Well it is said that they originated the name "Pakistan" too.
Give me one reply .
How popular was this 'Ideology' then and 'Now' ??
Heck even the pogroms like post Godhra Gujrat are blamed on VHP and Bajrang Dal .
Where s the space for 'Facsist Hindutva Ideology' in pre- Independence and post-Independence India . C'mmon before making your claim name the political party which represents this Ideology , fights electons , wins seats at the Lok Sabha and state assemblies .
Waiting for a prompt reply
Dear Sir,
This 'ideology' was no more than a theory, a theory which justified the sentiment among a minority calling for special protection. We need to go into historical and social reasons for both the conditions that led to the growth of this feeling, as well as the demand that arose from it.
The so-called theory itself was articulated by a number of people at different times. Even committed secularists took it seriously as a social and political paradigm.
Was it a bad thing? Theories are by themselves neither good nor bad, it depends on what use is made of them by us ourselves. Hindu right-wingers - I will not use emotive words - used it to recommend a segregation of Hindu society from the mlechha; Muslim spokespersons used it to ask for protection from the overwhelming majority that was then taking away all the perks of social development.
It is by and large true that Pakistan grew out of the Two Nation Theory, although the theory
never called for a partitioned state to be carved out of British India. Pakistan itself had slightly different origins, first, in a fanciful paper written by the erratic Chaudhry Rahmat Ali, later, in an extreme bargaining position taken up by the AIML under M A Jinnah. Owing to Congress losing confidence on being able to pull along with the AIML in a federated set-up as the Cabinet Mission Plan of May 16 1946 advocated, they first agreed, and then drew back, not in so many words but indirectly, by stating that delegates to the Constituent Assembly should be free to act individually, and not be bound by the policy of the 'blocs' appointing them. This would have made a joke of the carefully-engineered plan for going forward that had been made, and Jinnah found no option but to surrender to circumstances and Congress intransigence, and inform the British that partition then would be the only option.

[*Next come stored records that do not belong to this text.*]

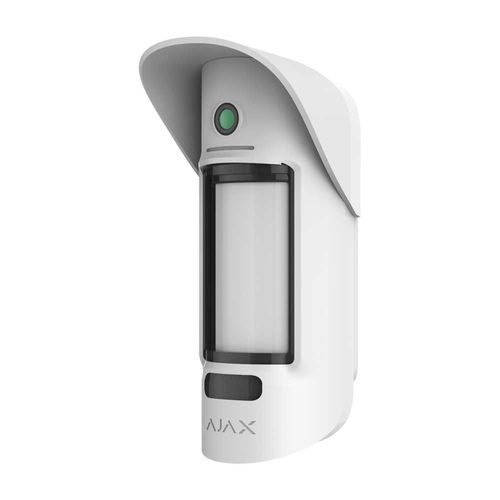 Détecteur de mouvement extérieur MotionCam Outdoor AJAX MOTIONCAM OUTDOOR PHOD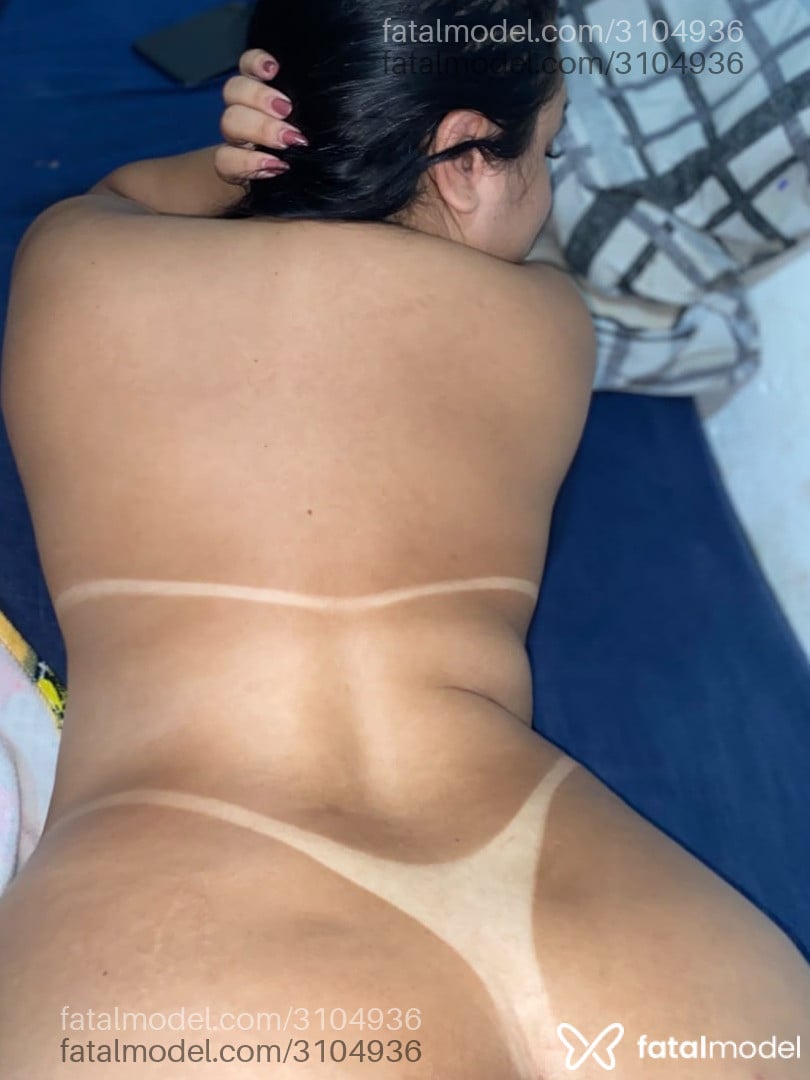 Acompanhante mulher morena (o) de olhos castanhos - Nayara Silva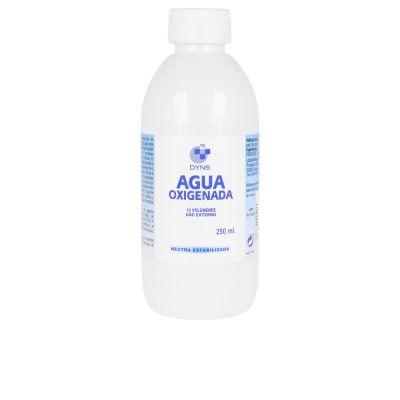 Dyns Agua Oxigenada 250 Ml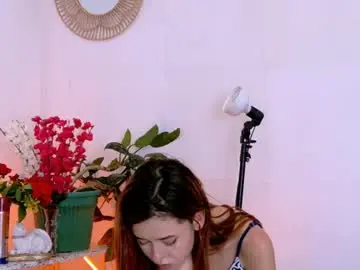 Chaturbate Private Sex Chat of lilith_skinny1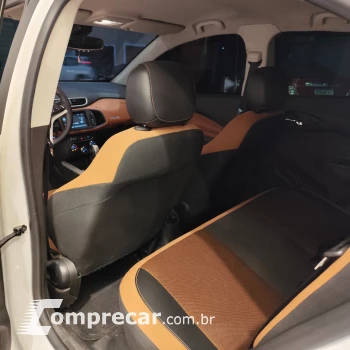 ONIX 1.4 MPFI Activ 8V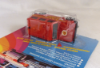 Picture of Matchbox Lasertronic MB30 Mercedes G-Wagon Red Fire Vehicle 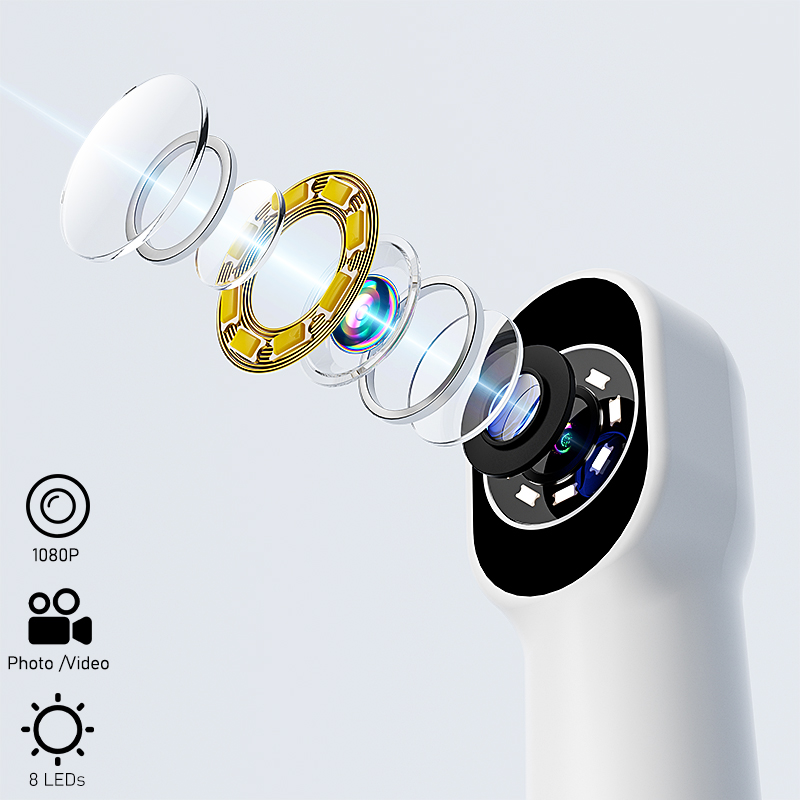 Visual Wireless Oral Camera fo - Lighting Visual 评论和价格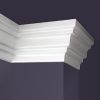 Style A | Foam Molding | Foam Crown Molding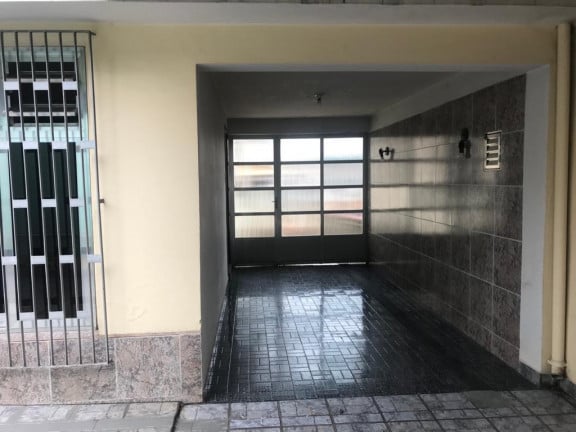 Imagem Casa com 4 Quartos à Venda, 300 m² em Vila Santa Edwiges - São Paulo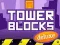 Mchezo Block za Minara Deluxe online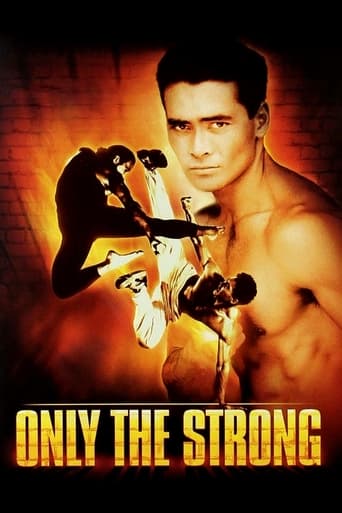 Only the Strong ( 1993 )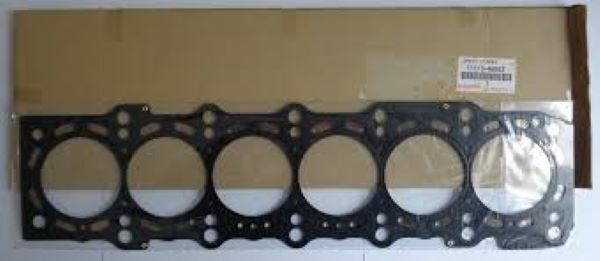 Genuine SUPRA 1993-1998 JZA80 Cylindaer Head Gasket 1111546052 F/S Toyota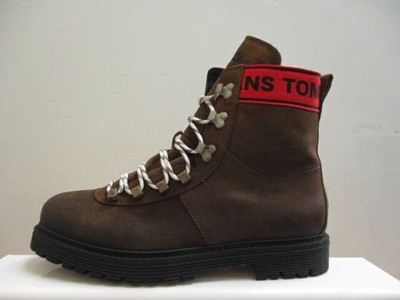 hiking tommy jeans boots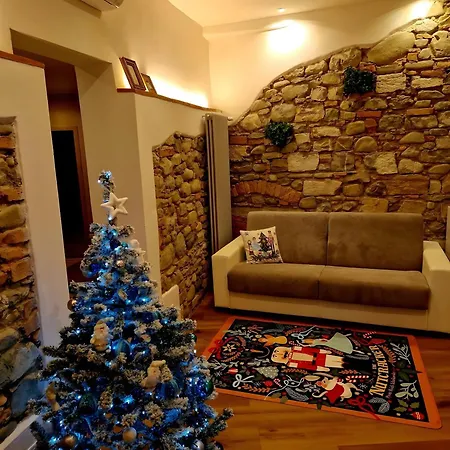 Bellavista * Barberino di Mugello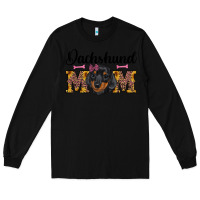 Black western dachshund mom Long Sleeve Tee - RanaPortraitStore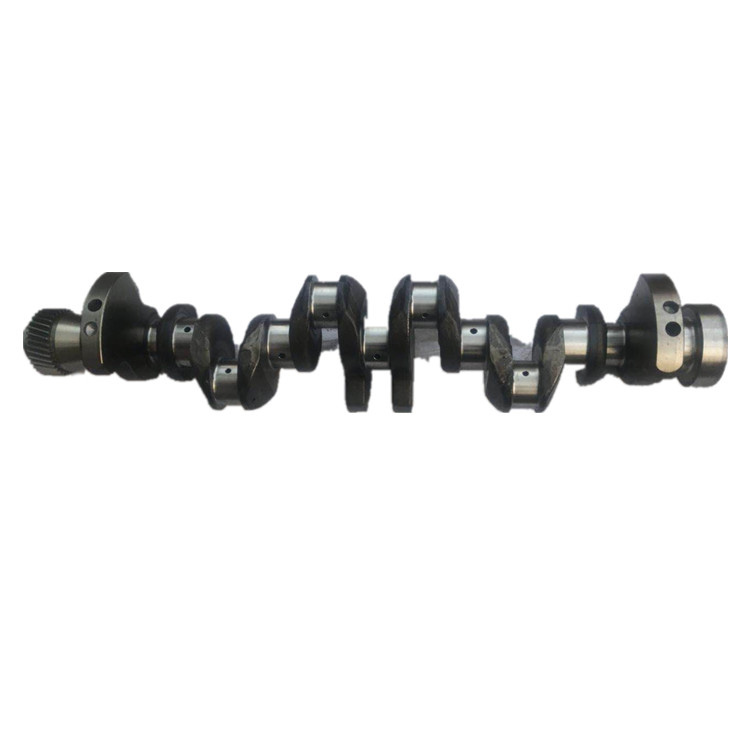 MWM TD226-6, CRANKSHAFT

The Two Nation Theory was mistaken, as it failed to take into account the many ways in which people see themselves. In the late 90s of the nineteenth century, and the first decade of the twentieth, there was a divide between Hindu and Muslim because of the deeply vertically-divided nature of Bengali society. This led to a British attempt to split the state, which led to huge opposition among the Hindus, and to a sudden realisation among the Muslims that they had actually enjoyed few of the benefits of British reforms in Bengal.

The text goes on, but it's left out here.